Pour emprunter un terme cinématographique, Millénium est un buddy-movie. Les héros sont deux personnes a priori antinomiques, mais qui vont être amenées à se rencontrer et collaborer. Le premier, Mikael Blomkvist, est journaliste et vient de perdre un procès en diffamation contre un magnat de l’industrie. Il n’a pas véritablement cherché à se défendre quand il a été condamné à trois ans de prison. Il sait qu’il a fauté, mais il sait aussi que l’homme qu’il poursuivait, Wennerström, est une crapule et qu’il ne disposait pas de toutes les informations pour le faire tomber. Blomkvist est le prototype du héros parfait. Intelligent, séducteur, droit, mais avec des failles, heureusement pas trop graves, elles ne le rendent que plus humain.
Il se retrouve contacté par un magnat de l’industrie, Henrik Vanger, qui habite sur une île, et qui le charge d’enquêter sur la disparition de sa nièce, Harriet Vanger, survenue dans d’étranges circonstances près de quarante ans plus tôt. L’homme est certain qu’elle a été assassinée par l’un des membres de sa famille.
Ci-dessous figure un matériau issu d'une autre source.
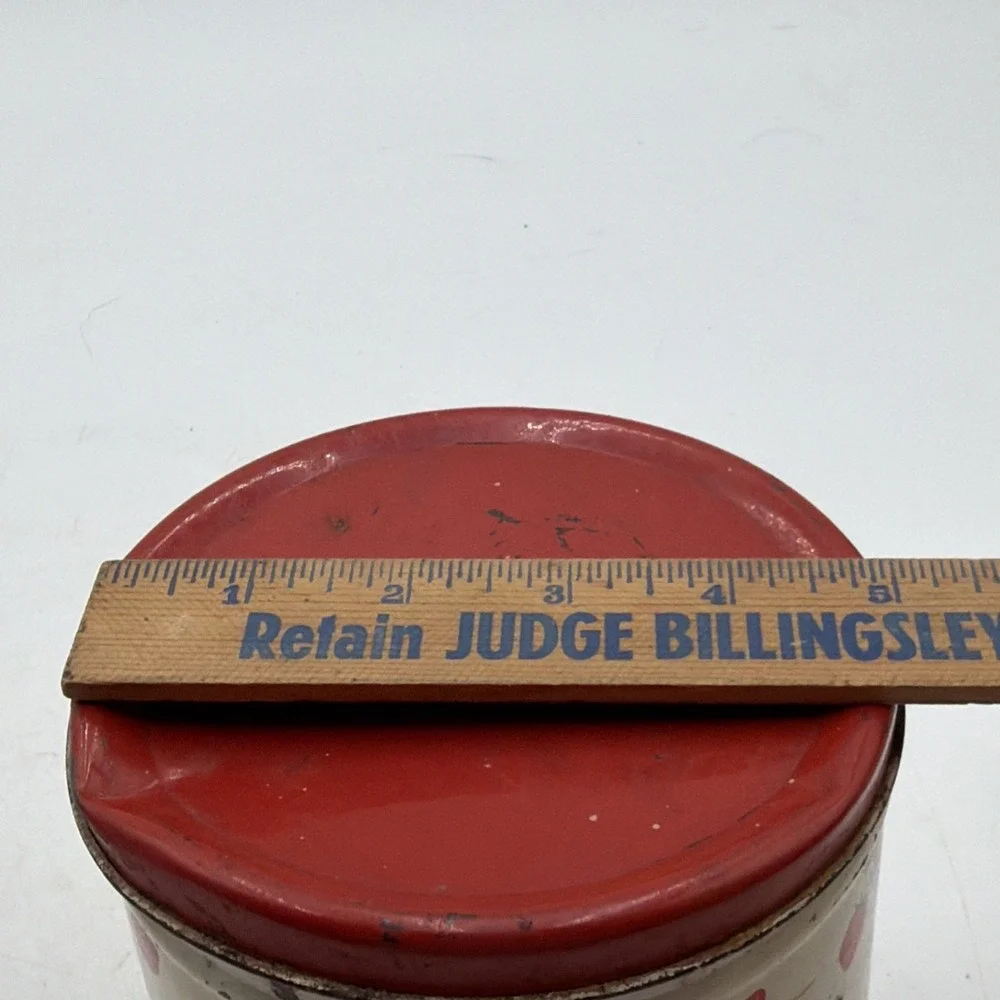 Vintage 1940s National Can Corp New York Strawberry Print Tin Canister Storage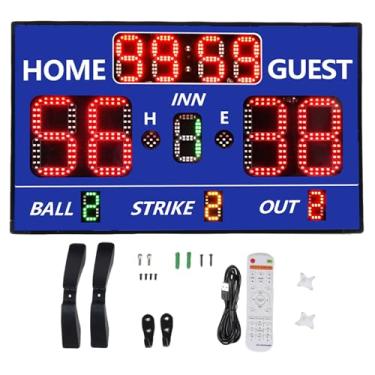 Imagem de Pontuação de Beisebol de Softball Score de Bola de Beisebol Placar Eletrônico Com Luzes LED de 12 Dígitos de 150 Pés de Controle Remoto para Jogos Ao Ar Livre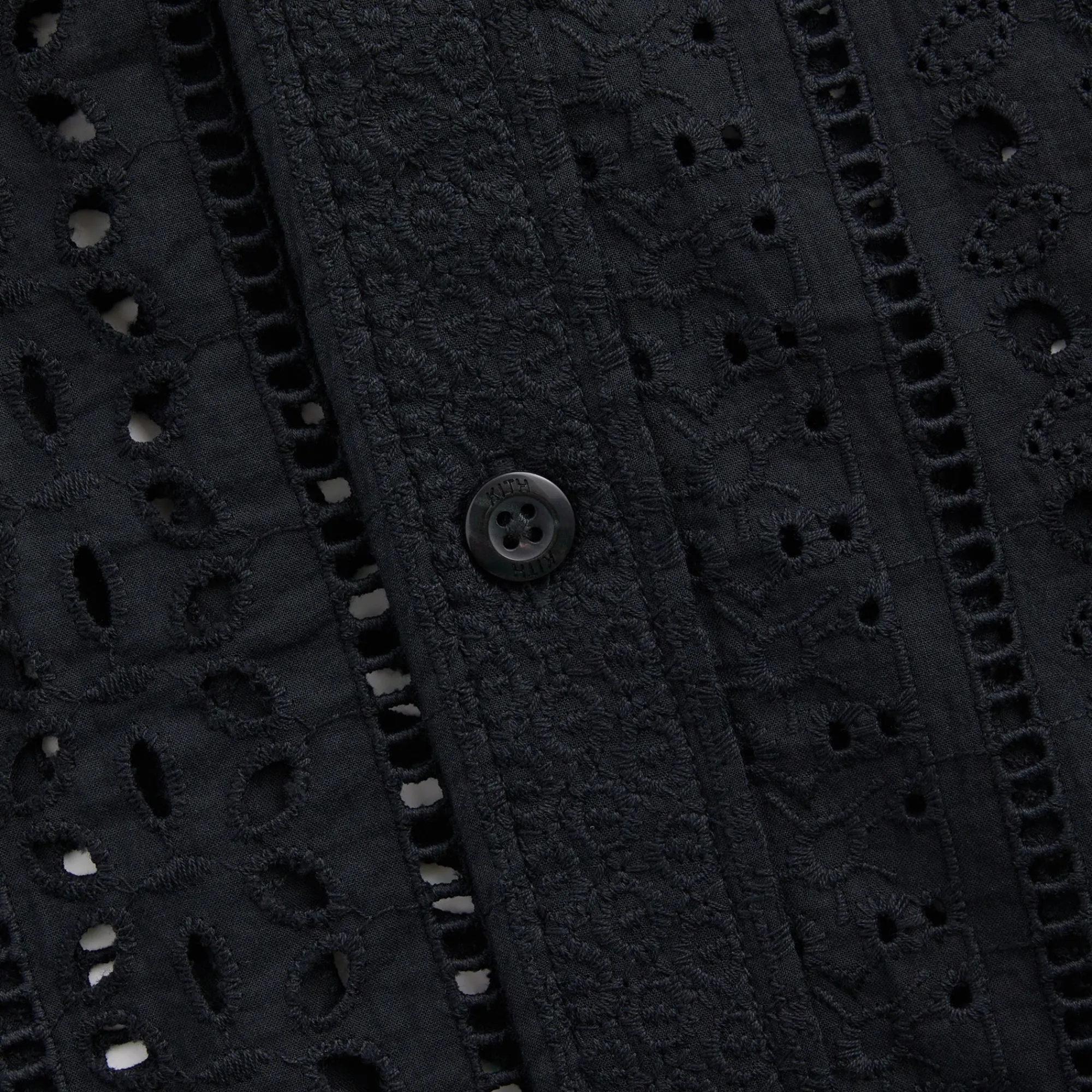 Sale Kith Cotton Eyelet Boxy Collared Overshirt Black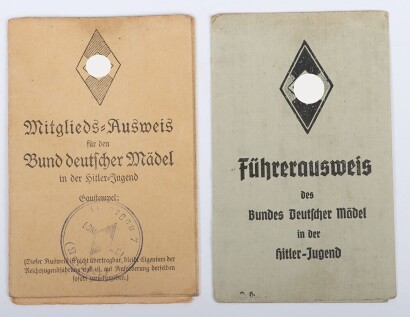 Third Reich Hitler Youth / BDM (Female Organisation) Membership Card and BDM Leader Card to Unterscharf&uuml;hrerin Luise Hillmer from District Oldernburg (91).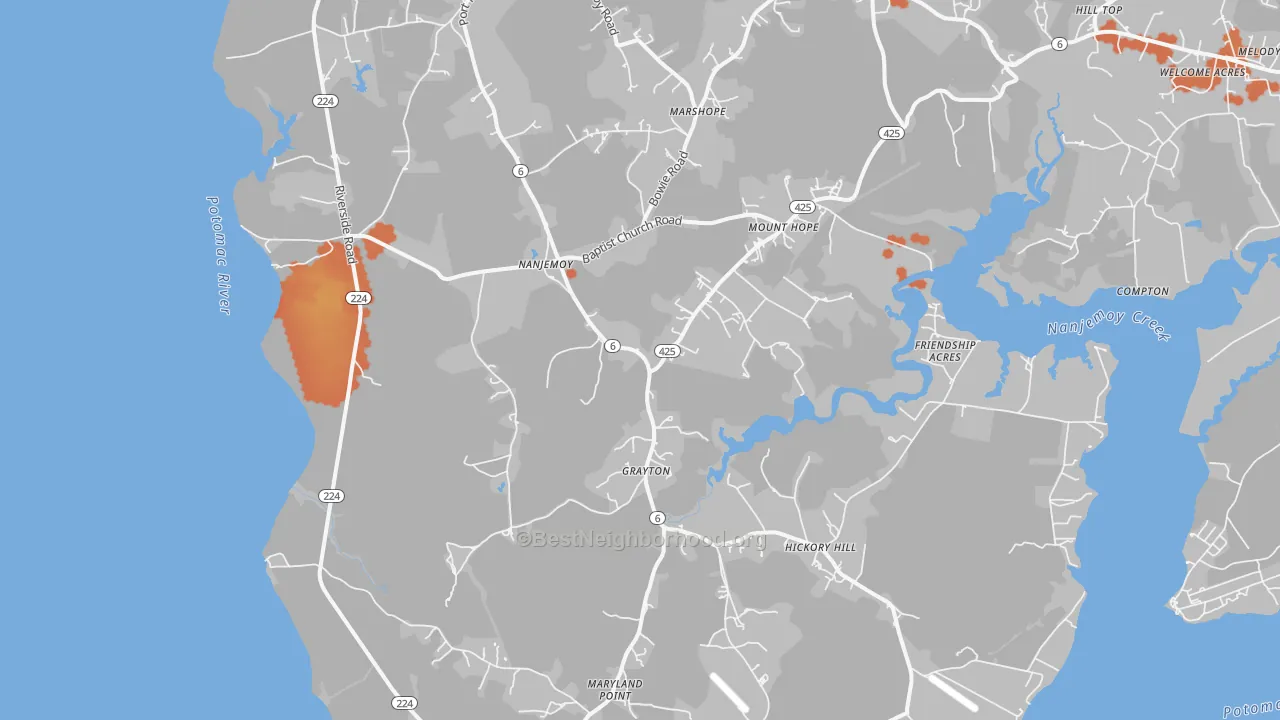 Bike Grade map of 20662, MD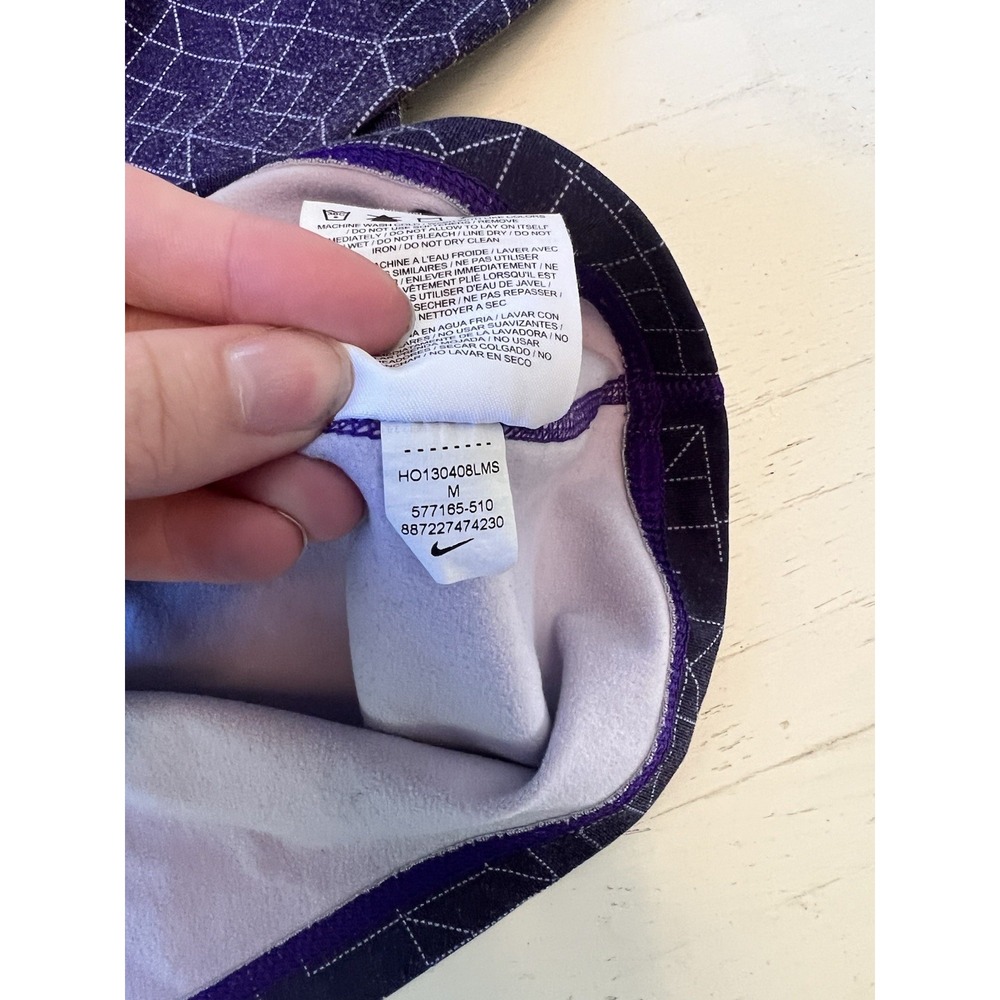 Nike Pro Hyperwarm Dri-FIT‎ Womans M Half Zip Pullover Purple Geometric - Picture 4 of 5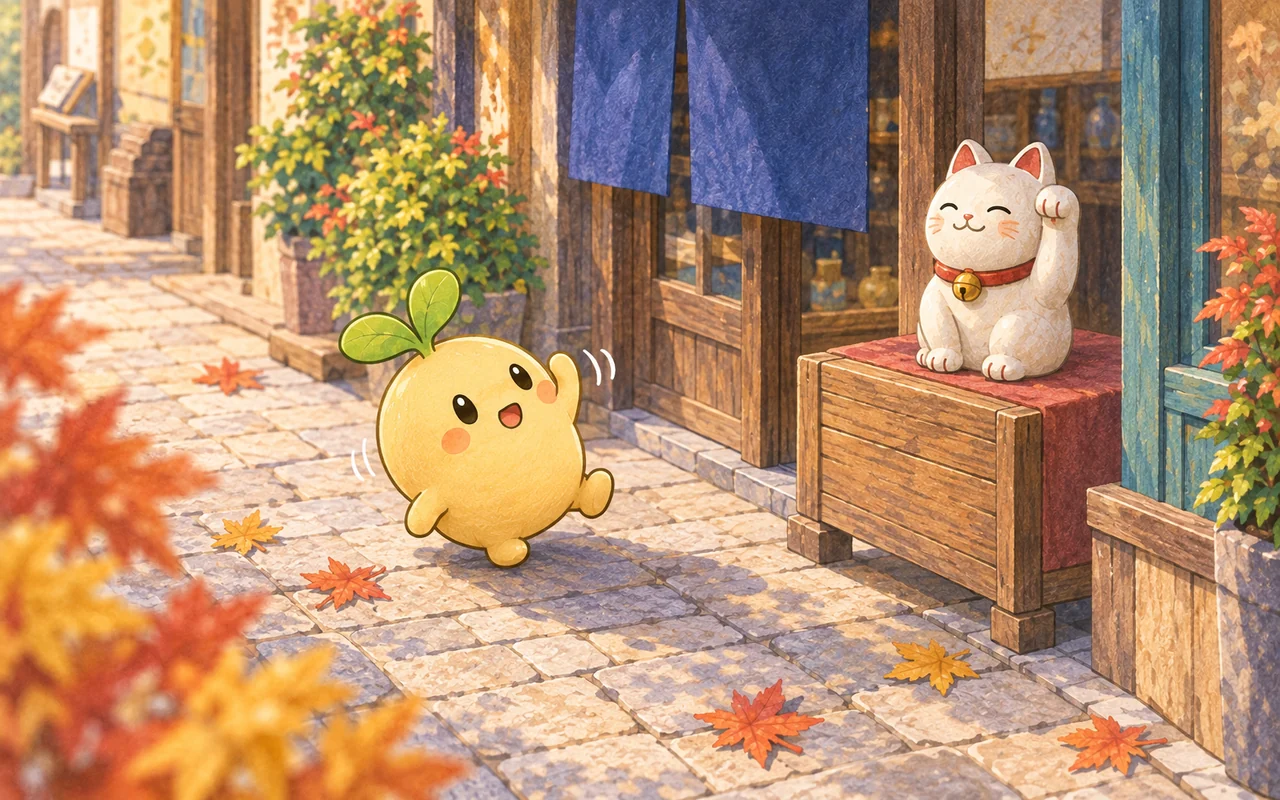 初秋の商店街で、招き猫をまねて片手と片足を上げるムク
« C’est un mystère de la chambre close à l’échelle d’une île. Et rien dans l’enquête ne semble suivre la logique normale. Toutes les questions restent sans réponse, tous les indices mènent à un cul-de-sac ».
Le deuxième personnage de ce qui va devenir un tandem d’enquêteurs est Lisbeth Salander. Lisbeth, c’est la face sombre de la Suède, l’opposé de Blomkvist, ou presque. C’est une jeune femme de vingt-cinq ans, si maigre qu’elle en paraît anorexique. Adepte des piercings, elle a le corps couvert de tatouages, les cheveux noirs très courts, coiffés, ou plutôt pas coiffés, en bataille. Elle n’écoute que du hard-rock. Elle est aussi une redoutable enquêtrice pour une société de sécurité et une hacker chevronnée. Mais c’est surtout une malade mentale. Au sens propre du terme. Elle a été internée à treize ans et depuis elle vit sous tutelle. Elle est asociale et a parfois des réactions assez déconcertantes pour son entourage.
Et ces deux personnages que tout oppose vont collaborer ensemble pour former un duo de super enquêteurs qui, évidemment, découvrira le secret d’Harriet…
C’est ce personnage de Lisbeth Salander qui porte le roman. Même si, finalement, sa folie n’est pas très folle (du moins dans cette première partie de Millenium, mais deux tomes suivent…), et reste très rationnelle.
Millenium est l’équivalent littéraire des séries américaines (et ne sont pas elles-mêmes de lointains succédanés d’aventures littéraires à la Eugène Sue ou à la Alexandre Dumas ?). Les images ne sont pas toujours hyper léchées, les mouvements de caméras n’ont rien d’éblouissant, mais on est tenu en haleine, parce que c’est plein de rebondissements et de mystères. Les intrigues reposent sur des personnages remarquablement campés, que l’on suit sur la longueur. Peu à peu, ils se dévoilent, on vit avec eux, et on apprend à les apprécier. On passe de si bons moments avec eux qu’on attend toujours la suite avec impatience. Au prochain épisode.